Il Verdi Festival 2011 è stato inaugurato ieri sera con il Ballo in Maschera, protagonisti il debuttante Francesco Meli ed il soprano Kristin Lewis, sotto la guida di Gianluigi Gelmetti.
Spettacolo che ha sortito effetti del tutto diversi da quelli dell’anno passato, anche se nel merito della resa artistica non è stato tutto oro ciò che ha brillato. Anzi.

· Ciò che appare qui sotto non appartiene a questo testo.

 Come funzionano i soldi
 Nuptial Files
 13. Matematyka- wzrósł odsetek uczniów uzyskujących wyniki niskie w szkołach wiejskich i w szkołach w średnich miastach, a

Cartina di tornasole: il successo pieno e meritato di Serena Gamberoni, la migliore del cast, Oscar dalla voce piena e non squittente. Non che non abbiamo percepito come la cantante tenda a sfuocare il suono nei piani mentre gli acuti estremi non suonino sempre timbrati, ma ha comunque avuto il merito di scontarci, finalmente, la voce puntuta e querula degli Oscar di routine, conferendo al personaggio una statura da prima cantante e non da comprimaria. E, guarda caso, il pubblico, che non so quanto sia effettivamente informato sulla storia interpretativa del ruolo, sulla volontà di Verdi di scrivere un‘opera per cinque prime parti, sui modelli desunti dal Gran-operà etc.., ha apprezzato la prova della signora Gamberoni, segno che la sintonia con la storia ( anche se casuale, come in questo caso ) produce sempre un riscontro positivo nei fatti.

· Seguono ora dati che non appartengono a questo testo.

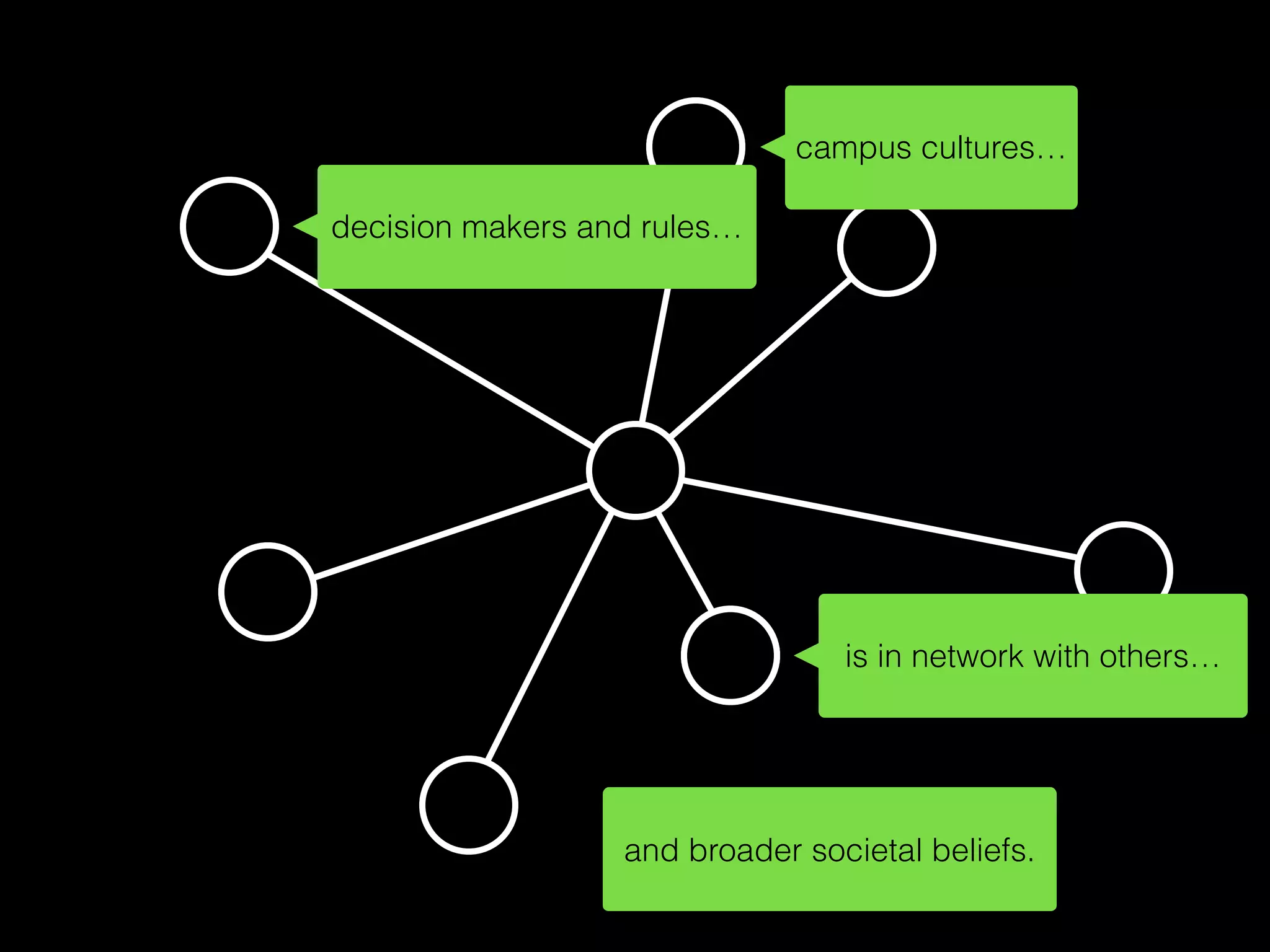 is in network with others…
campus cultures…
decision makers and rules…
and broader societal beliefs.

In ordine di merito segue il signor V. Stoyanov, che ha offerto una prova migliore rispetto alla Forza del Destino della stagione scorsa. Di lui abbiamo già detto altre volte, e non è cambiato nel frattempo. Restano gli acuti indietro, la voce di certo non imponente ed una carriera non breve, trascorsa a cantare anche ruoli troppo pesanti per il suo mezzo. E’, però, un cantante vero, che sa amministrarsi bene e metter in primo piano le qualitàsoprattutto la compostezza ed un fraseggio senza volgarità, gigionate e porcherie assortite che i baritoni odierni ci dispensano. Ha iniziato non bene, ghermendo le prime frasi di “Alla vita che t’arride” ma eseguendo il resto dell’aria con bel porgere. In difficoltà come gli altri sulla scena con lui, al terzetto del campo, di scrittura acuta, ha amministrato bene la prima parte di “Eri tu” all’atto successivo. Sulla seconda sezione, “O dolcezze perdute o memorie”, dove il legato e il canto a fior di labbro la fanno da padroni, ha mostrato la corda, complice anche un tempo troppo lento che ha messo in primo piano durezze, limiti timbrici e certa difficoltà a salire legando, come prescritto da Verdi. Una prova comunque valida ed efficace.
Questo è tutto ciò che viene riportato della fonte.